DATA FOR THIS EXERCISE —
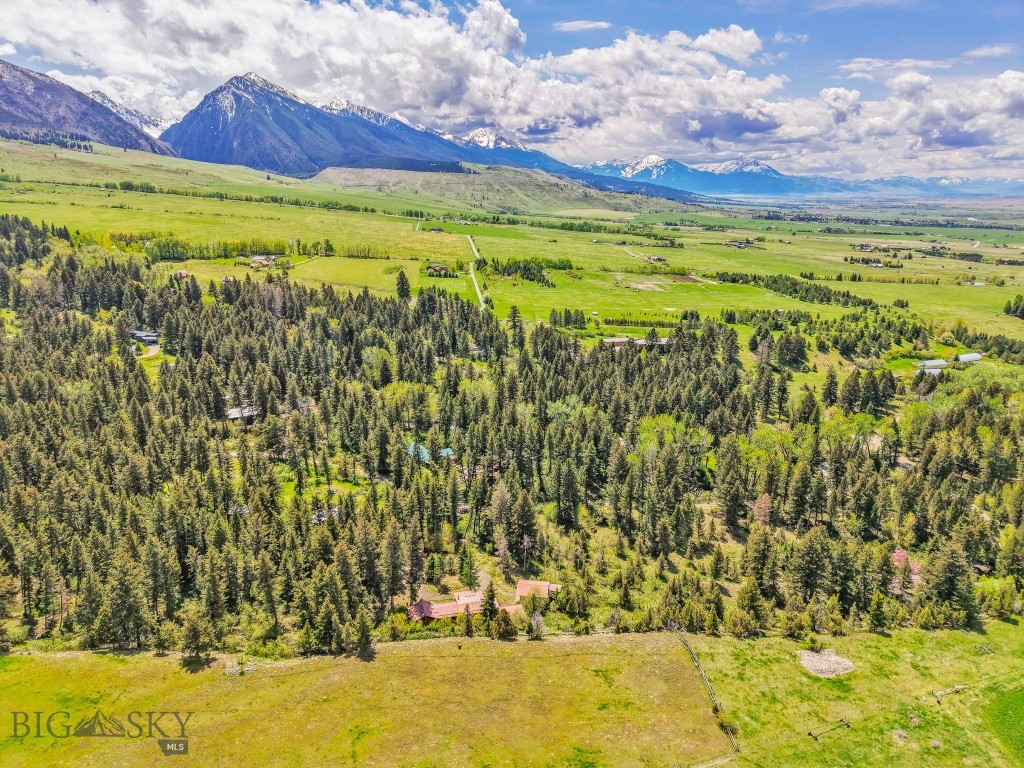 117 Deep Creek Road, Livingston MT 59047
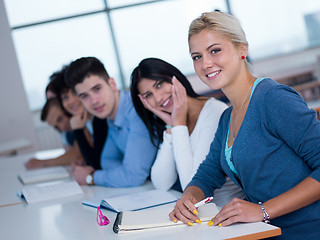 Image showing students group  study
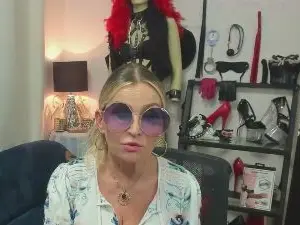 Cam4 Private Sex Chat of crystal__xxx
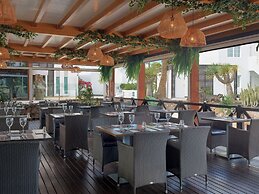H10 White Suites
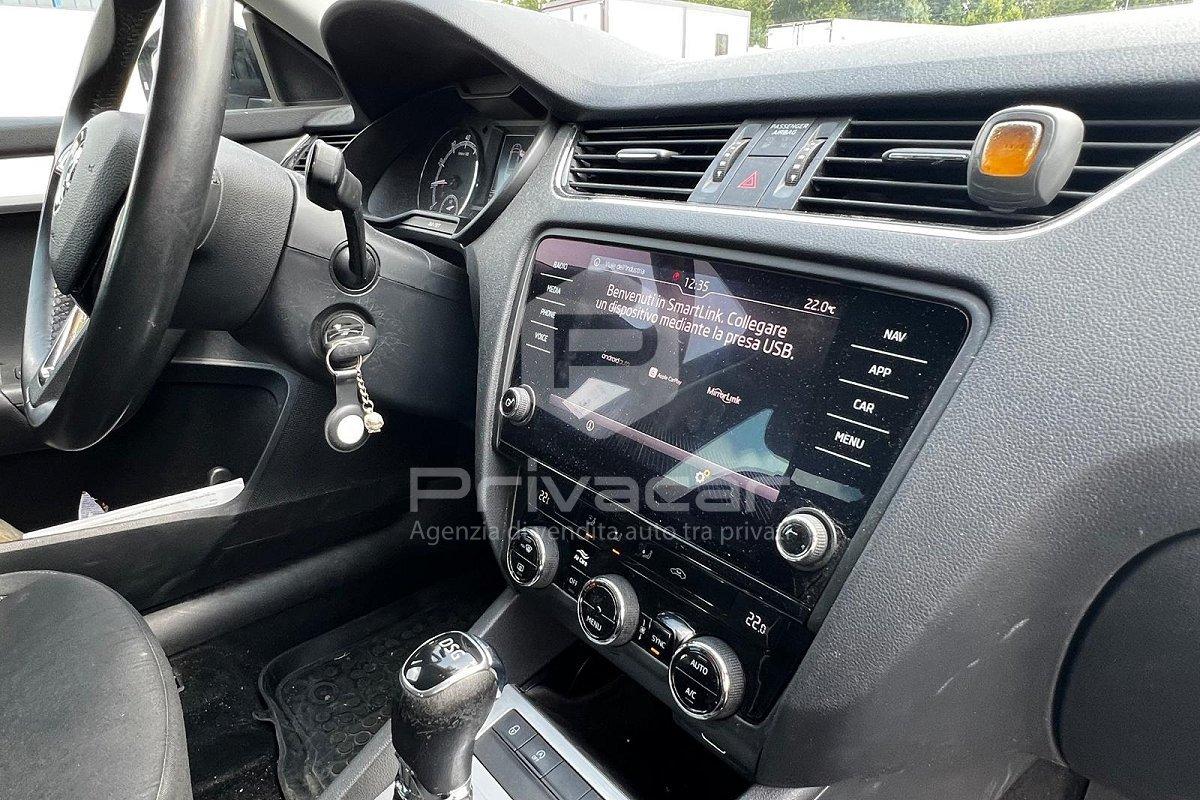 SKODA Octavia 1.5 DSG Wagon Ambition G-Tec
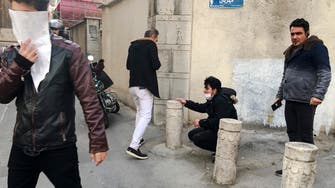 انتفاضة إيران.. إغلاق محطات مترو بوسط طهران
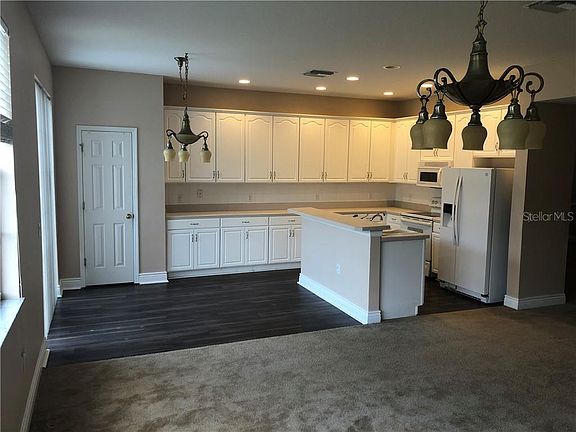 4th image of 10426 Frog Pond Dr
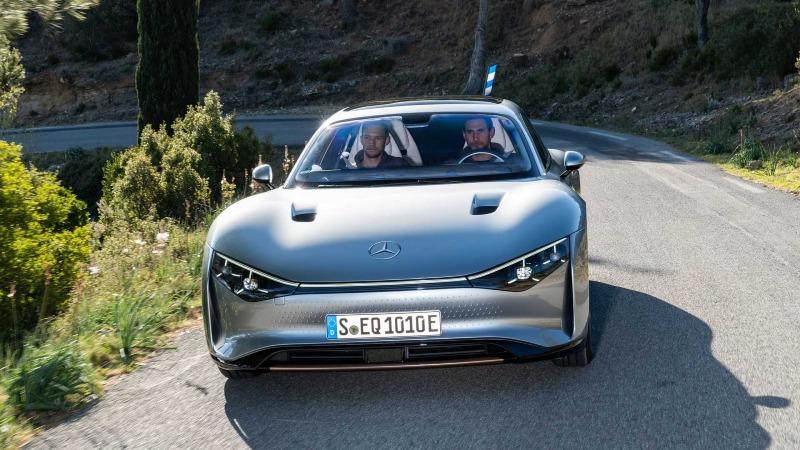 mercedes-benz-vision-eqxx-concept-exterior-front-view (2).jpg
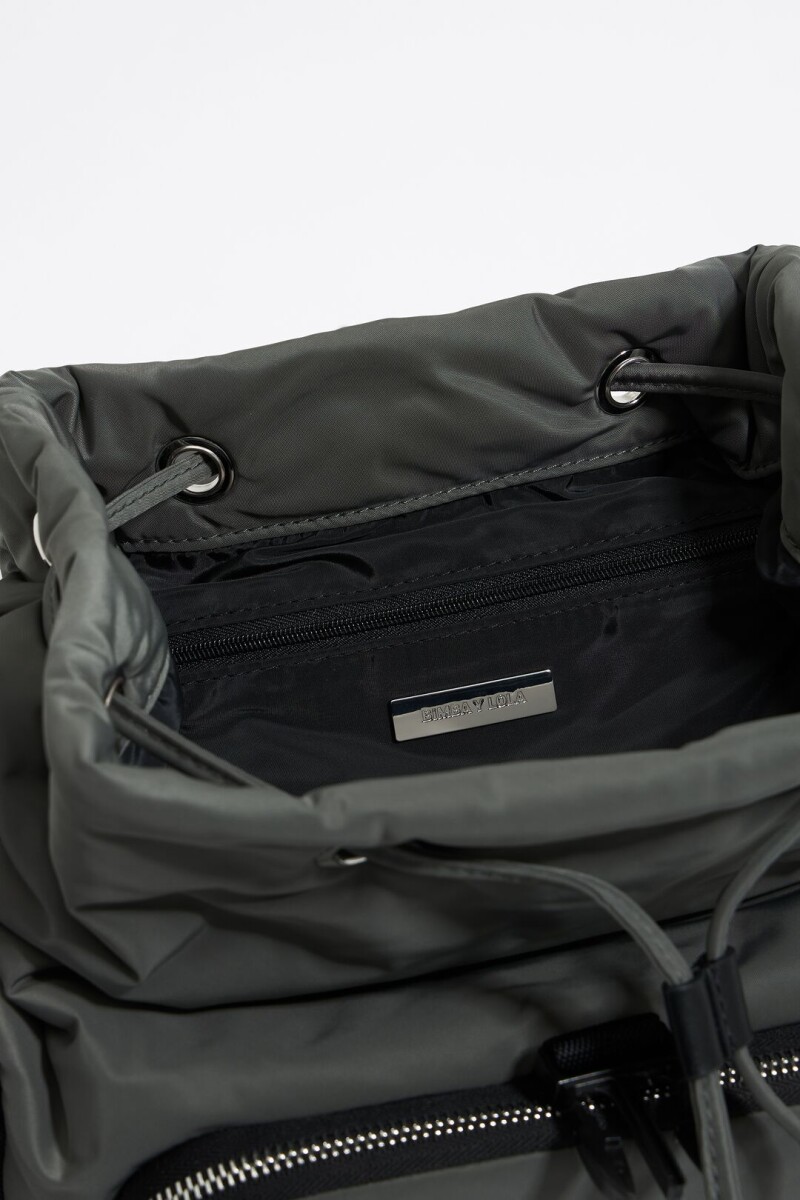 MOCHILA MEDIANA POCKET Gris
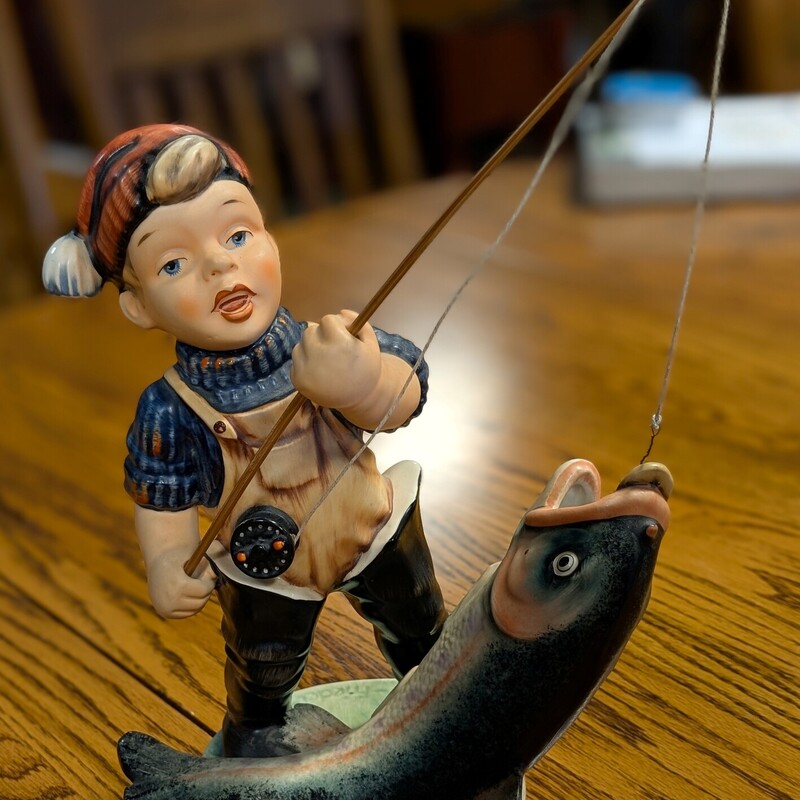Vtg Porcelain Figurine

...

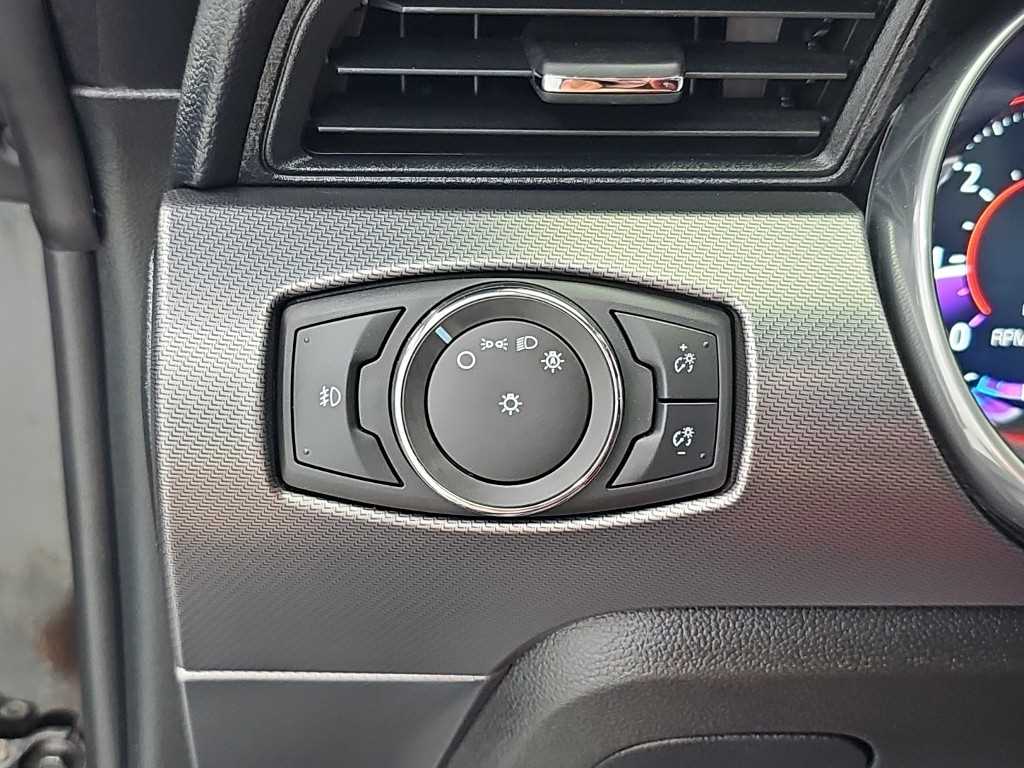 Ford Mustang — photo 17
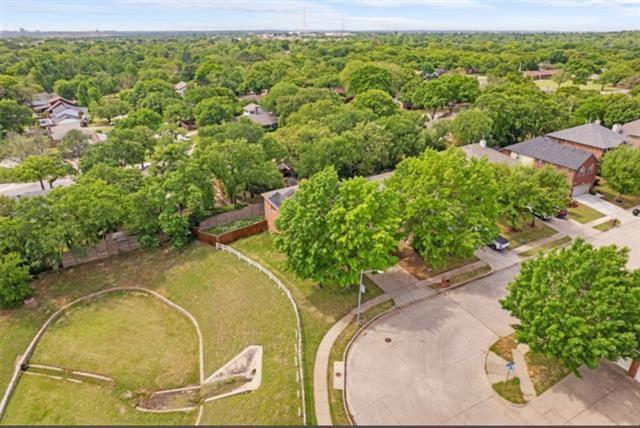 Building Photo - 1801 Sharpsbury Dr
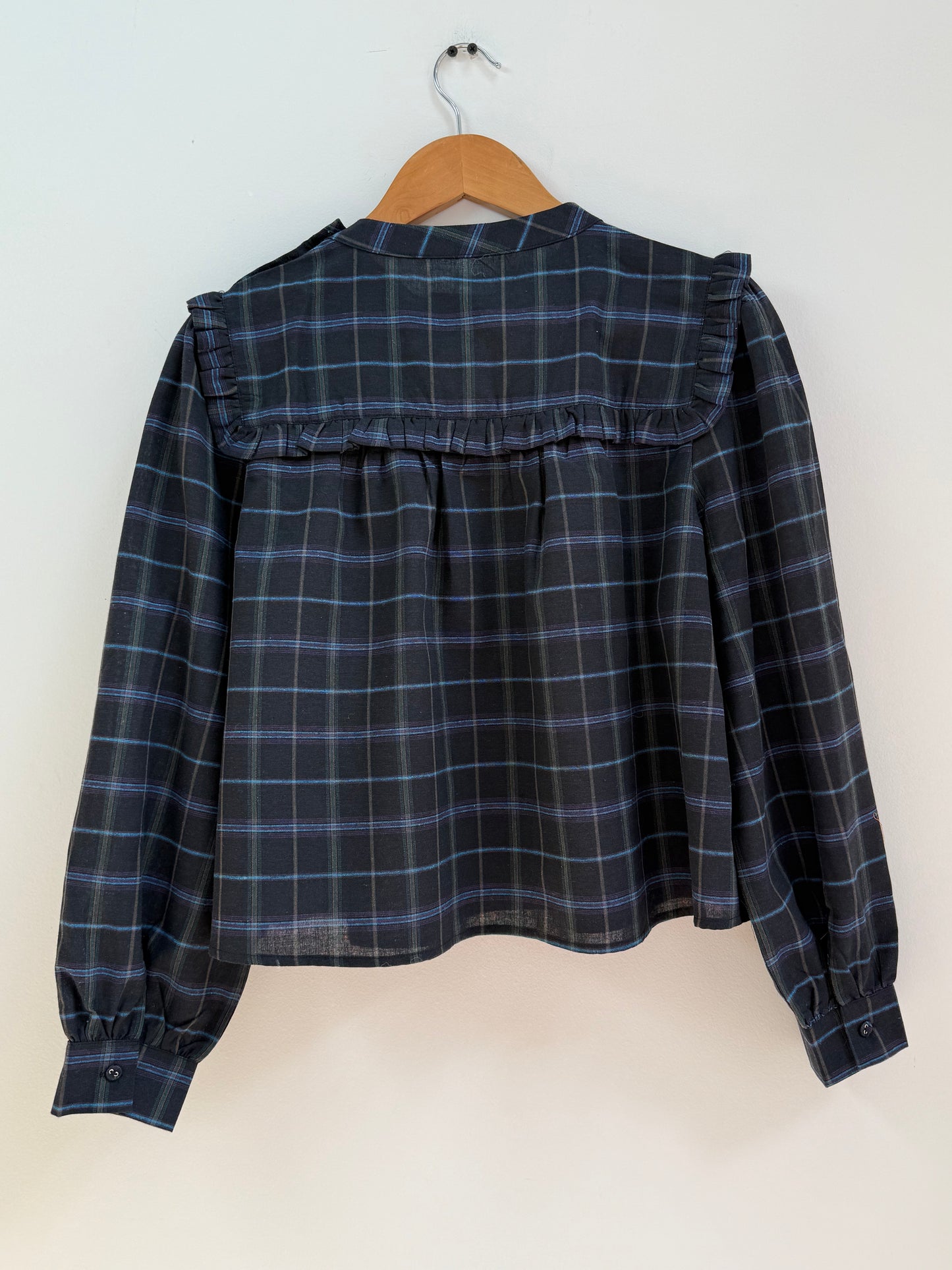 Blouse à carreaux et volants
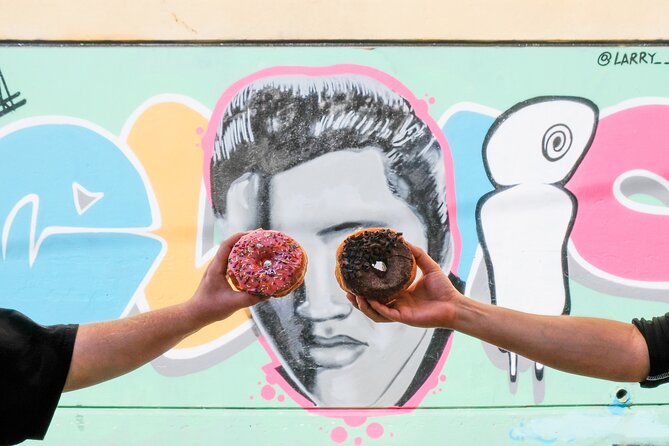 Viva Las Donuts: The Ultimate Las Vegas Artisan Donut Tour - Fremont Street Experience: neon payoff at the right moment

...

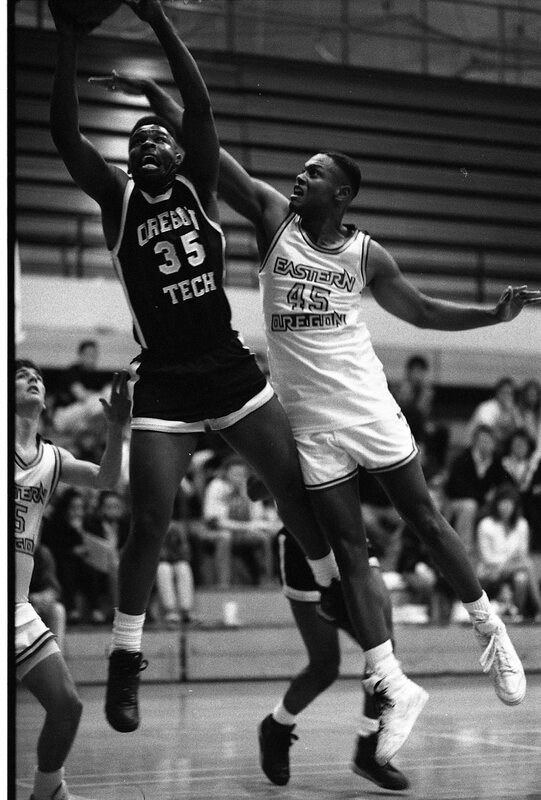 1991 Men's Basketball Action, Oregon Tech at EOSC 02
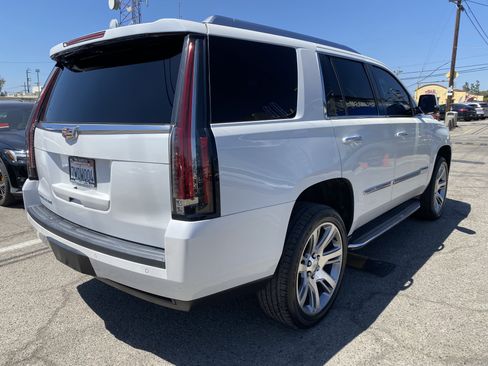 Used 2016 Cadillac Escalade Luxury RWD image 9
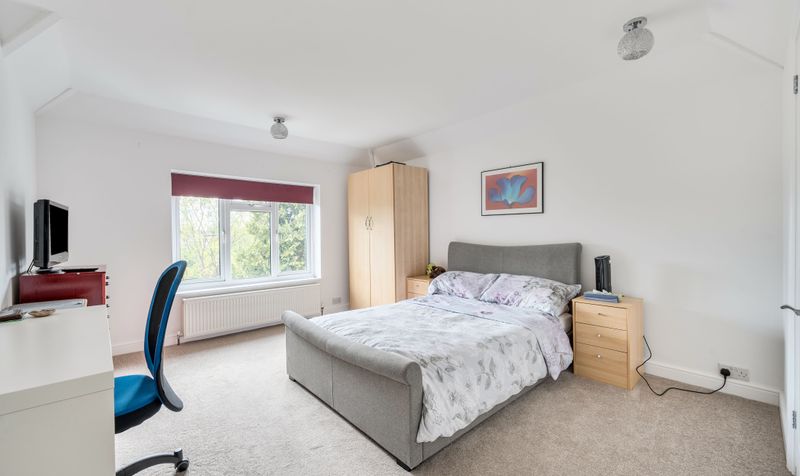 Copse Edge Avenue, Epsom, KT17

EXERCISE REQUIREMENTS — Within the material above, only the stretch from the line holding "mercedes-benz-vision-eqxx-concept-exterior-front-view (2).jpg" through the line holding "Vtg Porcelain Figurine" is to be restated exactly. Pictures are dropped.

RESULT OF THE EXERCISE —
 mercedes-benz-vision-eqxx-concept-exterior-front-view (2).jpg
 MOCHILA MEDIANA POCKET Gris
Vtg Porcelain Figurine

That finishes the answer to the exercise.